かつて、私が所有していたライカM3ブラックペイント

写真好きの知人から、ある日メールで連絡が届いた。「あなたがが持っていたM3のブラックペイントが、あるお店で売られてるのを見ました」とのこと。このライカと別れて、すでに18年近く経つだろうか。この、どこから見ても後塗りに見えるM3の軍艦部(トップカバー)は実は交換されている。1990年代後半、ライカの輸入代理店をしていた銀座のある店では、ライカM型の軍艦部交換サービスというのを行なっていた。    ただし、交換が行えるのはクロームメッキとブラッククロームのみのようで、わたしが持っていたブラックペイントのパーツは無いものだと思っていた。ある日ダメ元で問い合わせてみると・・なんとそれがあるというのだ! 

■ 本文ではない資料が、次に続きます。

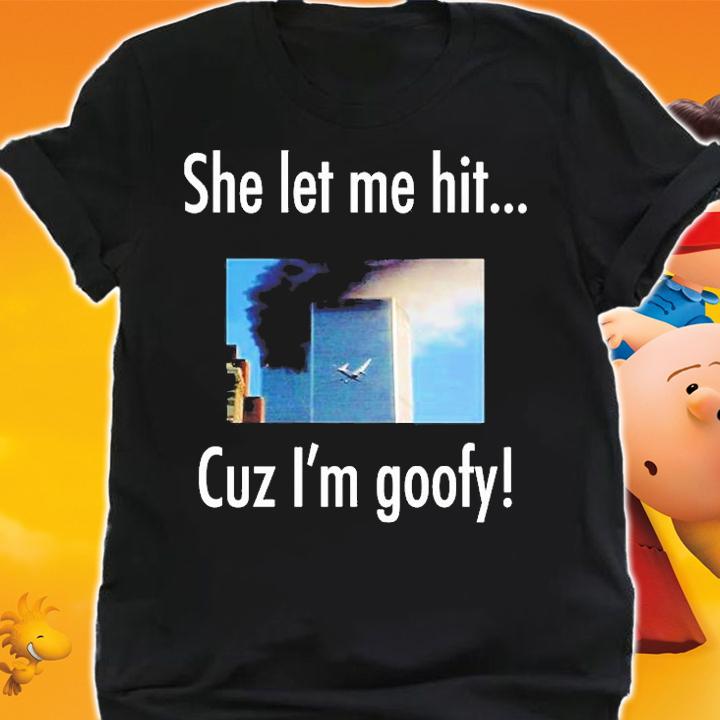 She Let Me Hit Cuz Im Goofy T-Shirt shirt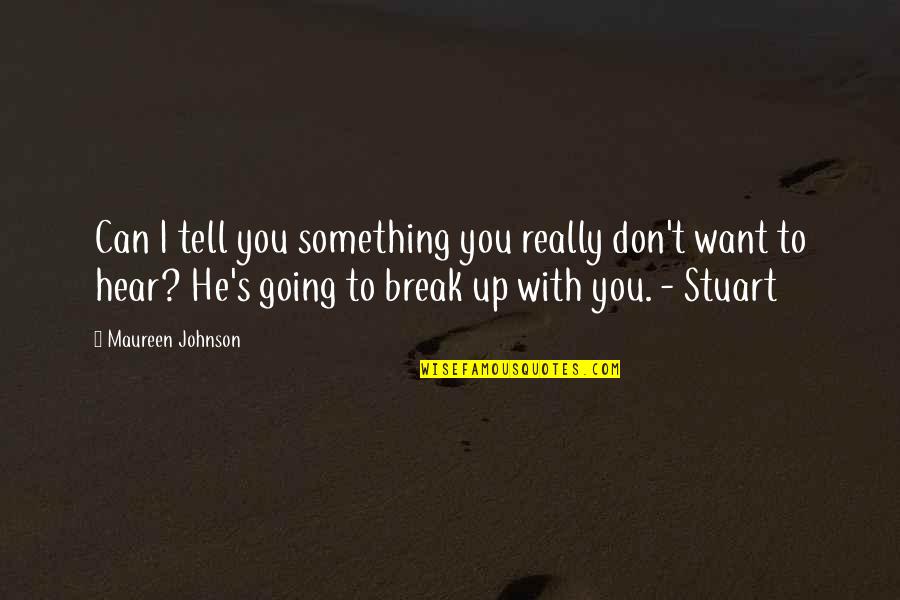 Shakuntala Quotes By Maureen Johnson: Can I tell you something you really don't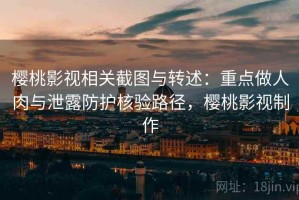 樱桃影视相关截图与转述：重点做人肉与泄露防护核验路径，樱桃影视制作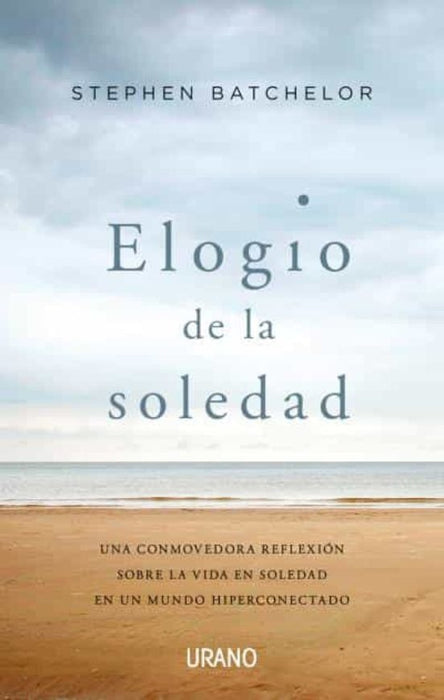 ELOGIO DE LA SOLEDAD*. | Stephen Batchelor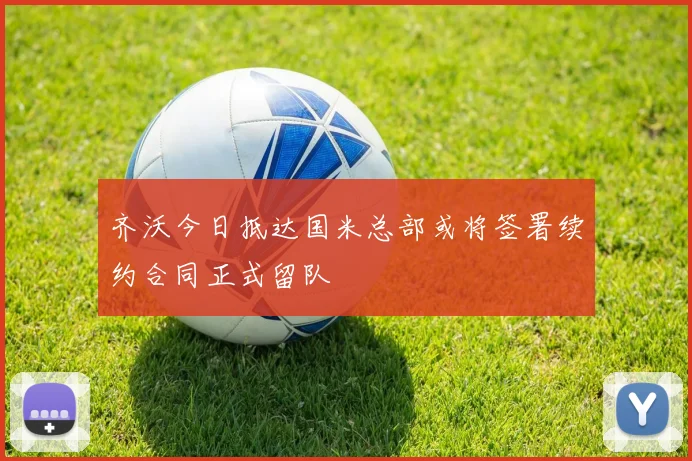 齐沃今日抵达国米总部或将签署续约合同正式留队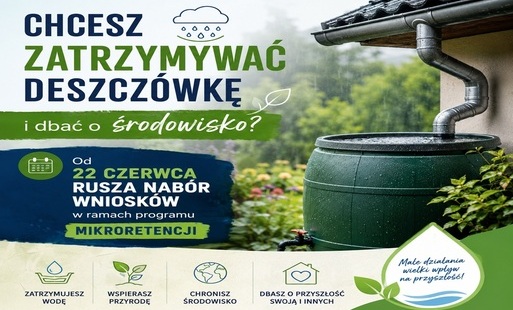 Zdjęcie do Mikroretencja &ndash; przyjmowanie wniosk&oacute;w od 22.06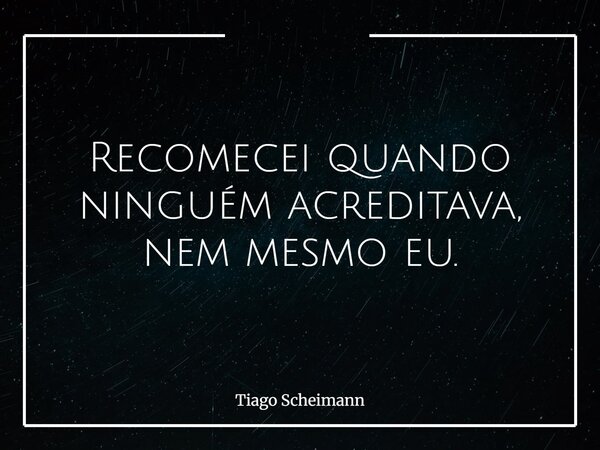 Recomecei quando ninguém acreditava, nem mesmo eu.... Frase de Tiago Scheimann.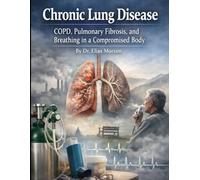 Chronic Lung Disease: COPD, Pulmonary Fibrosis, and Breathing in a Compromised Body (Medical Facts by Zentara UK)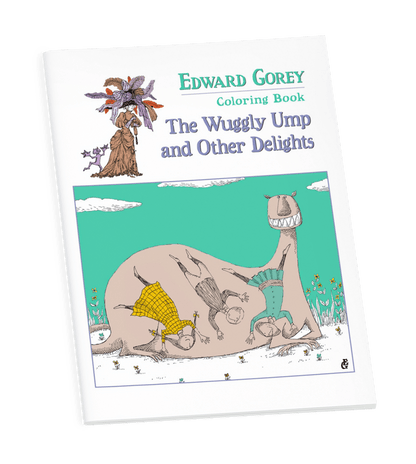 Pomegranate - Edward Gorey: The Wuggly Ump and Other Delights Coloring Book - PMA Store at the Portland Museum of Art, Maine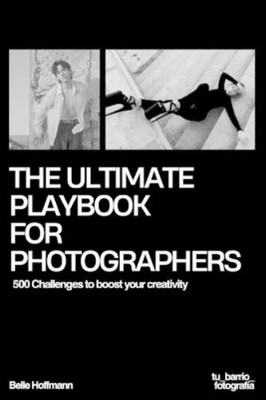 Belle Hoffmann The Ultimate Playbook For Photographers (Paperback) (UK IMPORT)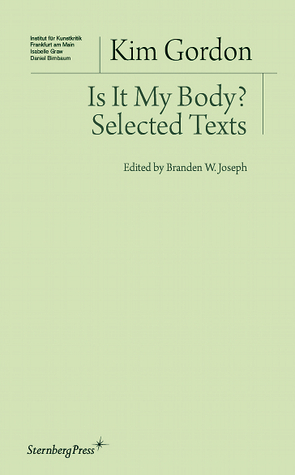 Is It My Body? by Branden W. Joseph, Kim Gordon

ライカに少しでも詳しい方ならご存知だろうが、ライカにはシリアルナンバーが刻印されており、そのシリアルの個体がどんな仕様で何年に出荷されたのかが分かるようになっている。

Leica Bookという手帳には、その年代と仕様の内訳が網羅されていて、コレクターはその手帳を片手にウインドウのライカとにらめっこするのが常である。   わたしのM3のシリアルナンバーは、1961年に製造されたM3ブラックペイントに該当し、3,010台しか存在しないブラックペイントのうちの1台ということになっている。件のお店からライカ本社に問い合わせをしてもらうと、数カ月後に電話がかかってきた。

 

「お客さんがお持ちのライカのシリアルナンバーは、103****で間違いないですか?」

「ハイ、間違いないです」

「それでしたらパーツ交換可能ですので、カメラを持って当店へお越しください」

 

わたしは、心のなかで「やった!」と叫んだ。このライカはお店で軍艦部が取り外され、そのパーツは海を渡ってライカ本社へと送られ、代わりの軍艦部が届いたら、それを確認した上で料金を払えば、元通りに取り付けられて自分の元へと戻ってくるという仕組みだ。少々面倒なのと時間はかかるものの、これを試さない手はない。

 

このライカは、音楽の都ウィーンの「Leica Shop」からやってきた!

そもそも、わたしはいつどこで、どのようにしてこのライカと出会って購入したのか、その経緯について触れてみたい。1999年頃、ライカをコレクションしていたわたしは、世界的にも有名なウィーンのライカショップから、何度か通販でレンズを購入していた。クレジットカードでの購入だが、ショップの対応は安心できるものだったので、定期的にホームページを見るようにしていると、ある時 Leica M3 B.Paint と書かれたタグを見つけたのである。現在のように克明な写真は載ってないが、詳しくそのカメラの特徴が記されている。

 

 

「このM3はブラックペイントのトップを持ち、シリアルもそれに該当するが、一部のパーツはクロームのものである」とあり、価格は$3,600くらいであった。わたしは1週間ほど悩んだ末にこのM3を購入することにした。当時のM3ブラックペイントの価格は130万くらいが相場である。賭けではあるが、この機会を逃したら一生このカメラを手にすることはできないだろう・・そう思ったのだった。

 

それから2週間ほど経って、税関からある封書が届いた。ライカM3のブラックペイントとなると当局も中身をチェックするらしく、関税として1万3千円ほどの追加料金が発生したのだった。追加の税金を振り込むと、ほどなくして郵便局からLeica Shopのスタンプが貼られた小包が届いた。

 

 

恐るおそる小包を開封してカメラを確認すると、軍艦部は確かにブラックペイントである。しかし“耳”と呼ばれる金具部分と背面のフィルム感度表がクロームになっている。カメラの挙動は問題なく、シングルストロークの巻き上げもスムースである。なるほどこういうことか・・・$3,600というのは、おおよそ普通のM3(クロームメッキ)の倍くらいの料金設定でありその値付けについては、ほぼほぼ妥当といえる水準だろう。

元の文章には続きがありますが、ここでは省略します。